Task description →
The pictures in the listing below are to be skipped, while the lines between the line holding "Load image into" and the line holding "Morales,Guatemala Elevation Map", inclusive, are to be output exactly.

Records provided →
========================================================================
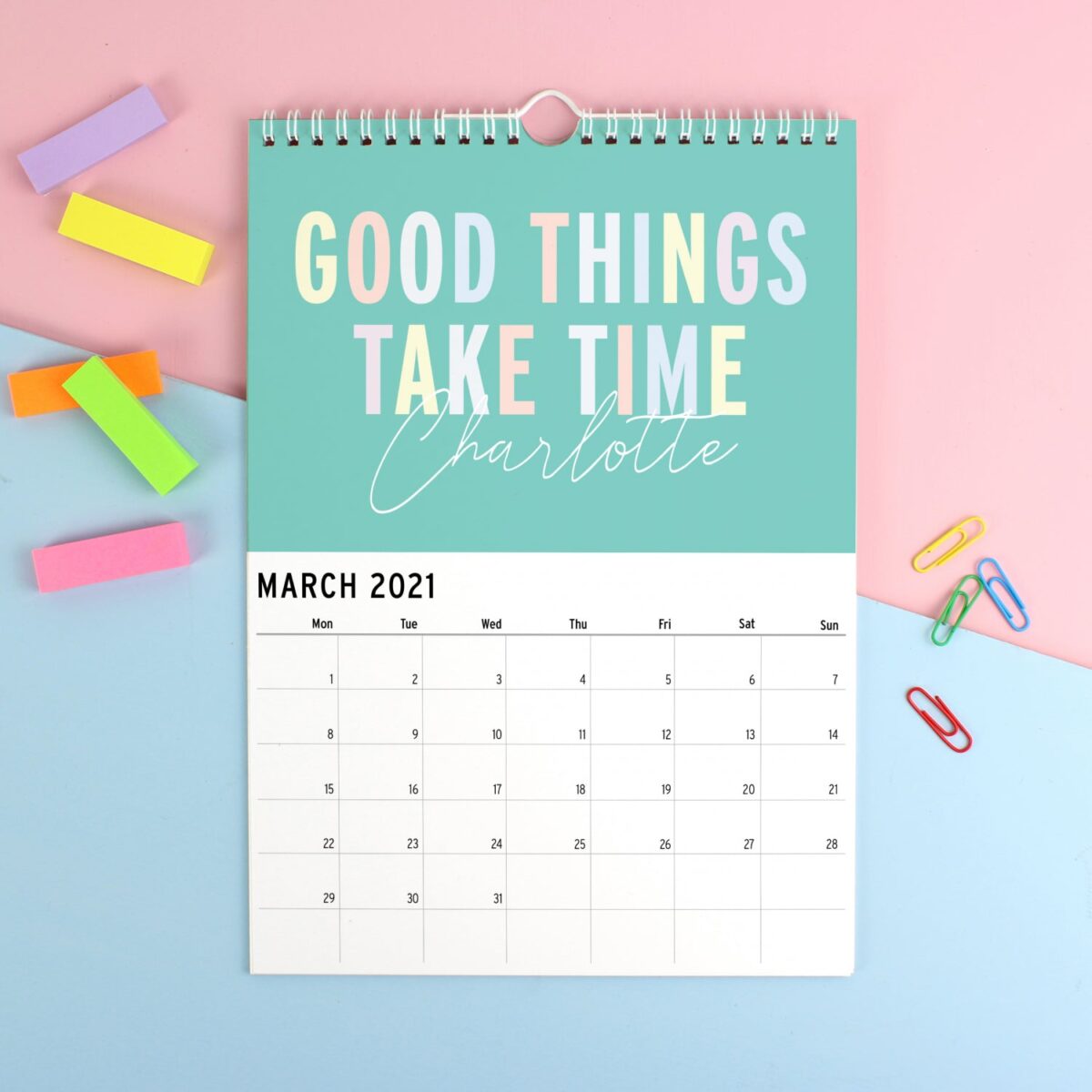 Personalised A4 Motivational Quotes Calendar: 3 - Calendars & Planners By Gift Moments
========================================================================
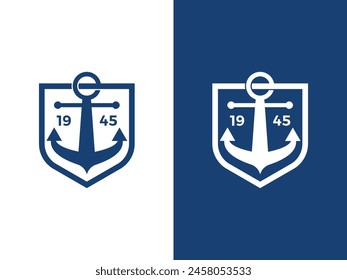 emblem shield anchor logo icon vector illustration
========================================================================
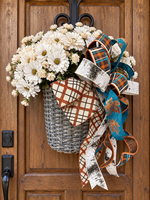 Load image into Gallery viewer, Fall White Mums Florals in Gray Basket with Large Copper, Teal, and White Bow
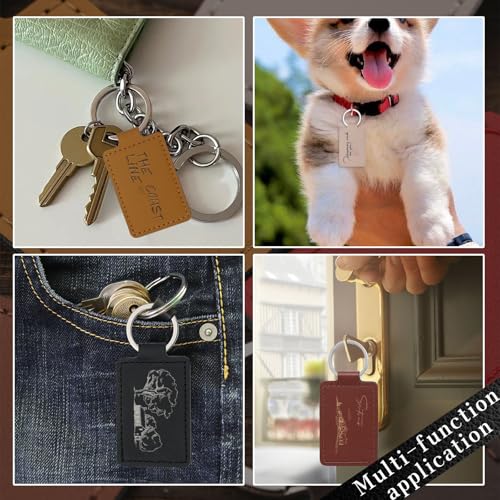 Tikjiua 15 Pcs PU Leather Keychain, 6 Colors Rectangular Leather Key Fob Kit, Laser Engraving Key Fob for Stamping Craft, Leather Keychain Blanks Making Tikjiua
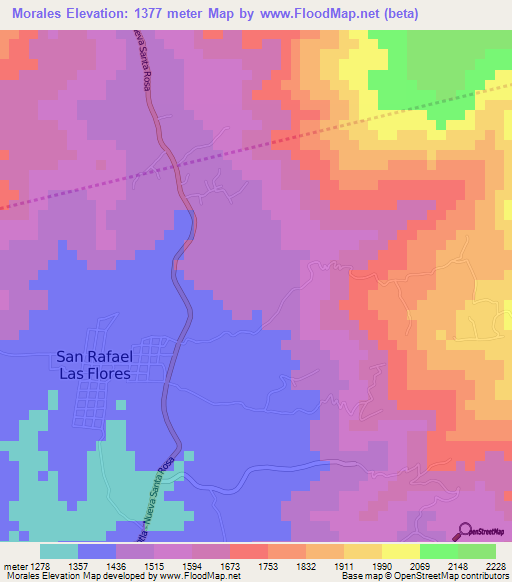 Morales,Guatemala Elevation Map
========================================================================
Exercise result →
 Load image into Gallery viewer, Fall White Mums Florals in Gray Basket with Large Copper, Teal, and White Bow
 Tikjiua 15 Pcs PU Leather Keychain, 6 Colors Rectangular Leather Key Fob Kit, Laser Engraving Key Fob for Stamping Craft, Leather Keychain Blanks Making Tikjiua
 Morales,Guatemala Elevation Map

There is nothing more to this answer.